Exercise description: Would you transcribe only the lines below, from the one containing "KNP MOMENT WITH KARISMA" through the end of the material, exactly and with no pictures?

Records:
◇ ◇ ◇ ◇ ◇ ◇ ◇

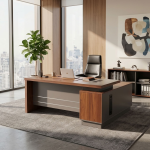 Executive Office Table Kenya, Executive Office Desk Kenya, Luxury Executive Desk, Modern Executive Office Table, CEO Office Table Kenya, Director Office Table, Managing Director Office Desk, Managers Office Table, Premium Executive Office Furniture, High Quality Executive Desk, Wooden Executive Office Table, Mahogany Executive Desk, Modern Wooden Office Desk, L-Shaped Executive Office Table, U-Shaped Executive Desk, Large Executive Office Table, Executive Desk with Drawers, Executive Office Table with Cabinets, Executive Desk with Storage, Executive Office Table with Side Return, Executive Office Workstation, Contemporary Executive Desk, Luxury CEO Desk, Corporate Executive Office Furniture, Professional Office Desk Kenya, Executive Office Furniture Designs, Custom Made Executive Office Tables, Bespoke Executive Office Furniture, Ergonomic Executive Office Desk, Executive Office Table with Leather Top, Glass Executive Office Desk, MDF Executive Office Table, Solid Wood Executive Desk, Veneer Executive Office Table, Minimalist Executive Desk, Modern CEO Office Furniture, Executive Office Table Prices in Kenya, Affordable Executive Office Tables Kenya, Executive Desk for Sale Kenya, Buy Executive Office Table Online Kenya, Best Executive Office Table Supplier Kenya, Executive Office Furniture Shop Kenya, Executive Office Desk Deals Kenya, Premium Office Tables Kenya, Cheap Executive Office Desks Kenya, Executive Office Furniture Manufacturers Kenya, Office Furniture Suppliers Kenya, Office Furniture Dealers Kenya, Corporate Office Furniture Kenya, Executive Desk Installation Services, Custom Office Furniture Design Kenya, Executive Office Furniture Delivery Kenya, Office Table Assembly Services Kenya, Bulk Executive Office Furniture Supply, Executive Office Interior Design Kenya, Executive Office Table Nairobi, Executive Desks Nairobi Kenya, Executive Office Furniture Westlands, Executive Office Tables Kilimani, CEO Office Desks Karen, Executive Office Furniture Industrial Area Nairobi, Executive Office Tables Ruiru, Executive Desks Thika, Executive Office Furniture Kiambu, Executive Office Tables Kikuyu, Executive Desks Ngong, Executive Office Furniture Machakos, Executive Office Tables Athi River, Executive Office Table Mombasa, Executive Office Furniture Nyali, Executive Desks Kisumu, Executive Office Tables Nakuru, Executive Office Furniture Eldoret, Executive Desks Nyeri, Executive Office Tables Meru, Executive Office Furniture Nanyuki, Executive Desks Embu, Executive Office Tables Kakamega, Executive Office Furniture Kisii, Executive Desks Kitale, Executive Office Tables Kericho, Executive Office Furniture Naivasha, Executive Desks Malindi, Executive Office Tables Kilifi, Executive Office Furniture Diani, Executive Desks Garissa, Executive Office Tables Bungoma, Executive Office Furniture Busia, Executive Desks Homa Bay, Executive Office Tables Migori, Executive Office Furniture Narok, Executive Desks Bomet, Executive Office Tables Voi, Executive Office Furniture Kitui, Executive Desks Makueni, Executive Office Tables Murang’a, Executive Office Furniture Nyandarua, Executive Desks Laikipia, Executive Office Tables Kirinyaga, Executive Office Furniture Siaya, Executive Desks Vihiga, Executive Office Tables Trans Nzoia, Executive Office Furniture Uasin Gishu, Executive Desks Nandi, Executive Office Tables Baringo, Executive Office Furniture West Pokot, Executive Desks Samburu, Executive Office Tables Turkana, Executive Office Furniture Kajiado, Executive Office Table Supplier Kenya, Executive Office Furniture Nationwide Delivery, Best Executive Office Desk Prices Kenya, Modern Executive Office Tables for Corporate Offices, Executive Office Furniture for Businesses, Executive Desks for Government Offices, Executive Office Tables for Directors, Stylish Executive Office Tables Kenya, Durable Executive Office Desks Kenya, Premium Corporate Office Tables Kenya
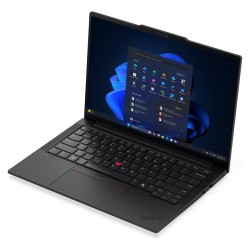 Lenovo ThinkPad E14 G7 21U2 CU7 256V 16GB 512SSD W11Pro — Buy in Cyprus with Fast Delivery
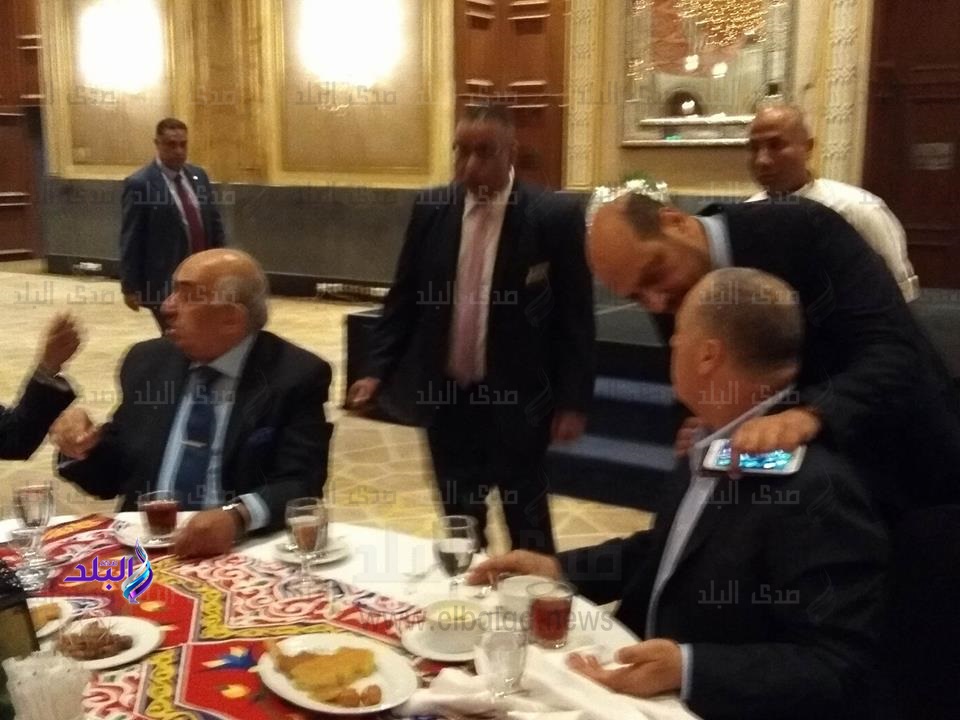 جمعية اللاعبين المحترفين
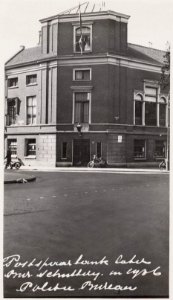 Jacobus van Eck, Afb A01634000117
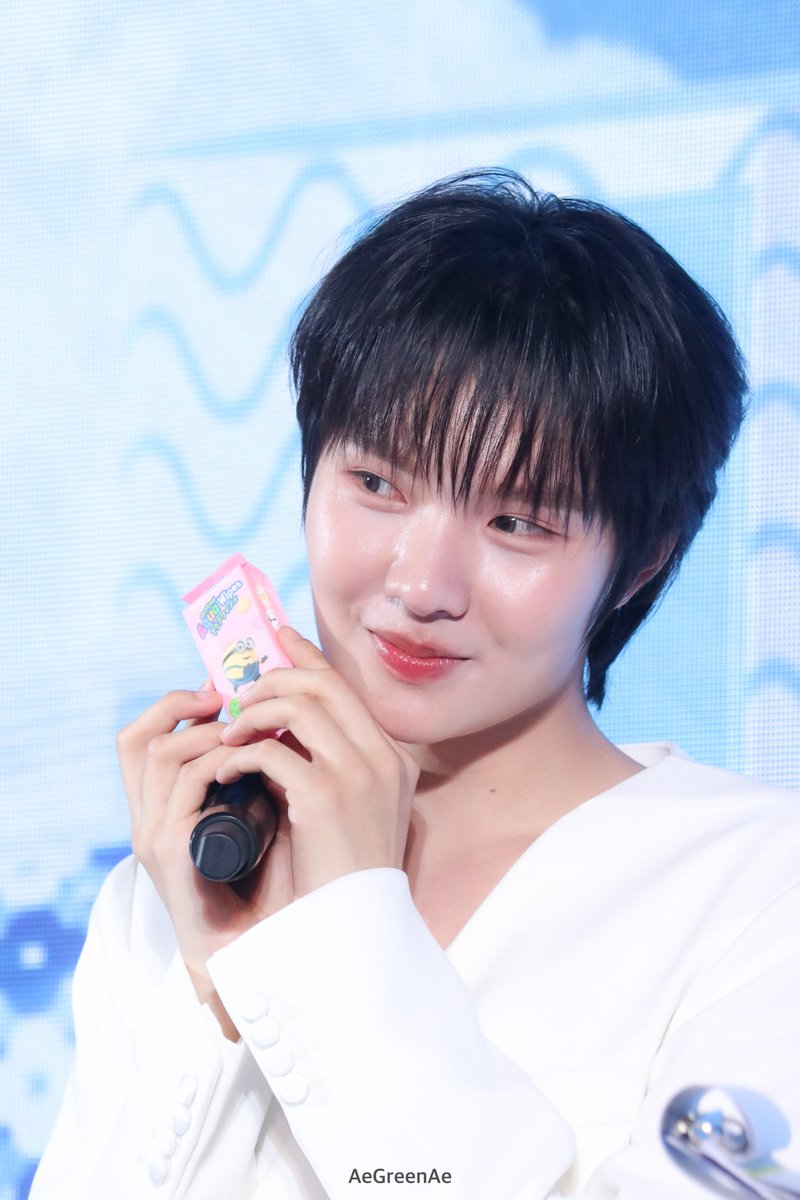 มาเติมปุ๋งแล้วงับบบ❤️

KNP MOMENT WITH KARISMA
#KarismaxKengNamping
#KengNamping #เก่งน้ำปิง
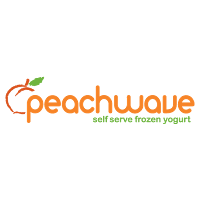 2026R4R - Sponsorship Logo - Peach Wave.png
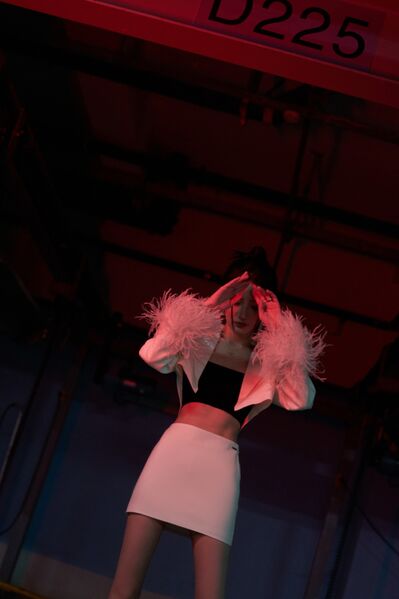 340165563 137781125883643 1594781848996784233 n 340165563 137781125883643 1594781848996784233 n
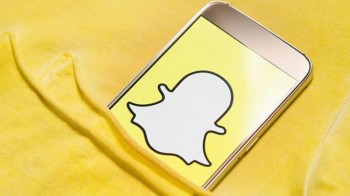 Snap shares sink as two million users move on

◇ ◇ ◇ ◇ ◇ ◇ ◇

Expected output:
KNP MOMENT WITH KARISMA
#KarismaxKengNamping
#KengNamping #เก่งน้ำปิง
 2026R4R - Sponsorship Logo - Peach Wave.png
 340165563 137781125883643 1594781848996784233 n 340165563 137781125883643 1594781848996784233 n
 Snap shares sink as two million users move on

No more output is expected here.